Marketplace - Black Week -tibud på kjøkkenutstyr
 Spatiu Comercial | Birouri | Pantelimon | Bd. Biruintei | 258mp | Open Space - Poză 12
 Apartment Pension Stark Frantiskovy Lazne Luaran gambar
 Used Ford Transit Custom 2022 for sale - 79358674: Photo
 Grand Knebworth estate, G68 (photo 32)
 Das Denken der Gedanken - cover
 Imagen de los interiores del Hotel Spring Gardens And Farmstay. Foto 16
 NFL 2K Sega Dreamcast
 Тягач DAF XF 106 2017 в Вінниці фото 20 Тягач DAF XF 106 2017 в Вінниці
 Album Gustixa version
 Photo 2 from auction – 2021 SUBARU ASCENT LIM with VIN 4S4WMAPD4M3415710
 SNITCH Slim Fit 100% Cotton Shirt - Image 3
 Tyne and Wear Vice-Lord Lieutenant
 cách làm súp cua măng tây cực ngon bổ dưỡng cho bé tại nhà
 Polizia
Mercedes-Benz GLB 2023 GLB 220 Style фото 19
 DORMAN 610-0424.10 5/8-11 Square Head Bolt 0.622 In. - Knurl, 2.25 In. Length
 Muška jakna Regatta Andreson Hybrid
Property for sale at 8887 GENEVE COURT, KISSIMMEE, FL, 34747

● ● ● ● ● ● ●

### Task details
Say how many lines of the listing above contain "sale", giving nothing but the number.

### Problem solution
2